When writing out the entries below, keep only the lines from the line with "プラド150系純正ステアリング（マットブラックエディション） 新同! プラド" to the line with "Blue Coastal Bowl", both included, exactly as they are, and leave the pictures aside.

> _LISTED RECORDS_
··········

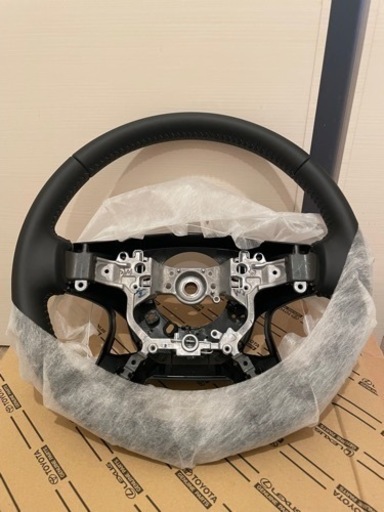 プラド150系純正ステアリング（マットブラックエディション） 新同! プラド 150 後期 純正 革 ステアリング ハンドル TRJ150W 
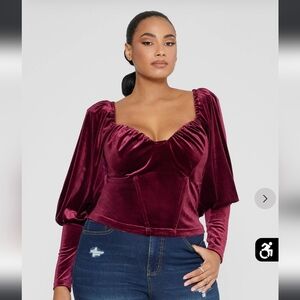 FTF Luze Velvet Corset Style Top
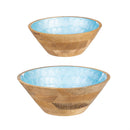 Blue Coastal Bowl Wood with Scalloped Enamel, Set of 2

··········

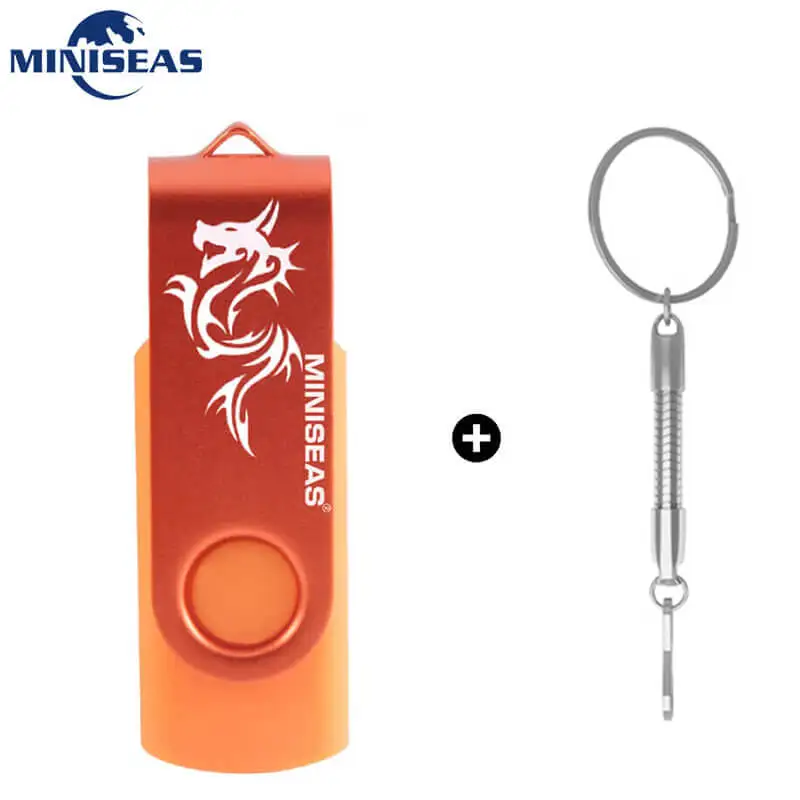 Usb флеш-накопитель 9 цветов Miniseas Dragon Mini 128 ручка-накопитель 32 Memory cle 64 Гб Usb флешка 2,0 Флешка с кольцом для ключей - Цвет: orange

··········

> _SOLVED PROBLEM_
 プラド150系純正ステアリング（マットブラックエディション） 新同! プラド 150 後期 純正 革 ステアリング ハンドル TRJ150W 
 FTF Luze Velvet Corset Style Top
 Blue Coastal Bowl Wood with Scalloped Enamel, Set of 2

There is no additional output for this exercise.